The conflict between the Bush family value placed on loyalty, and their thirst for power has never been clearer. But the stakes have never been so high.
Last year I saw both Bush's Brain and The Hunting of the President at the Tribeca Film Festival, and what struck me was just how similar Karl Rove was to Cliff Jackson. Both were very ordinary guys with lousy social skills who happened upon very charismatic men and developed something like an obsession. Since Cliff Jackson couldn't BE Bill Clinton, he decided to try to destroy him. Karl Rove knew he couldn't be George W. Bush, so he decided to be his doppelganger.
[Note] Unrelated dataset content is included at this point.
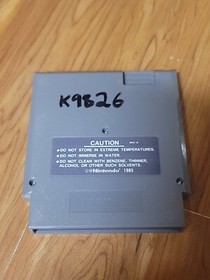 Wrath of the Black Manta Nintendo Entertainment System NES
Sounds like the making of a good psychological thriller, doesn't it?
But in the film version of Bush's Brain, and in the book on which it's based, Rove comes across as a homoerotic stalker. This theme is echoed in Michael Wolff's recent Vanity Fair profile:
The big guy he's working for, a wealthy former Texas congressman, tells him to deliver car keys to his son who's down from Harvard B-school. This is Rove's road-to-Damascus moment, similar to Clinton's shaking hands with J.F.K.—similarly transforming, similarly erotic. Says Rove about his first glimpse of the 27-year-old George W. Bush, "I can literally remember what he was wearing: an Air National Guard flight jacket, cowboy boots, blue jeans.... He was exuding more charisma than any one individual should be allowed to have." Or, in another telling: "huge amounts of charisma, swagger, cowboy boots, flight jacket, wonderful smile, just charisma—you know, wow."
So what happens if the object of Rove's obsessive loyalty fires him? Rove knows about everything there is to know about George W. Bush. Does he spill the beans? And what is riskier to Bush himself -- keeping Rove or cutting him loose?